Sanchez, who also won a bronze medal in the 30.3-mile road race at the Paralympic Games, often trains with able-bodied cyclists such as Santee's Dan Plummer. Plummer tells other able-bodied cyclists that “I'm going to bring my disabled hand-bike rider out (to train.).”
Said Plummer, “He's my secret weapon. He kicks everybody's (butt).”
Sanchez works as a contractor for the U.S. Department of Defense. Insecure about his academic skills in high school, he didn't attend college right away. He didn't walk with his high school graduating class because he still needed to pass a course.
Two years ago, Sanchez earned a bachelor's degree in business management from San Diego State. His career goal: become a motivational speaker and the world's most famous disabled triathlete. While others will be doing Sunday's race as a relay, Sanchez will compete in the half-Ironman triathlon on his own.
Sanchez has mentored soldiers returning from Iraq and Afghanistan who have suffered disabling injuries. In some ways, he said the motorcycle accident is the best thing that ever happened to him.

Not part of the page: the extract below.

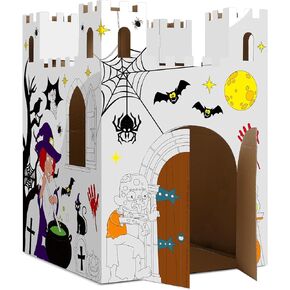 Halloween Playhouse Huge DIY Haunted Castle Large Coloring Cardboard House Indoor Outdoor Art and Craft for Kids Toddlers Boys Girls Decorate and Personalize Witch Pumpkin Zombie Gift 32" X 32" X 43"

“For one thing, I'm grateful that it helped me ground myself,” Sanchez said. “Early in my (post-accident) racing career, I had a drinking habit, and I was just racing for myself.
“Now, I've got to win for other people, people following your career. Family, friends, people with disabilities. I'd definitely say life has taken on a new meaning, just being part of a greater good.”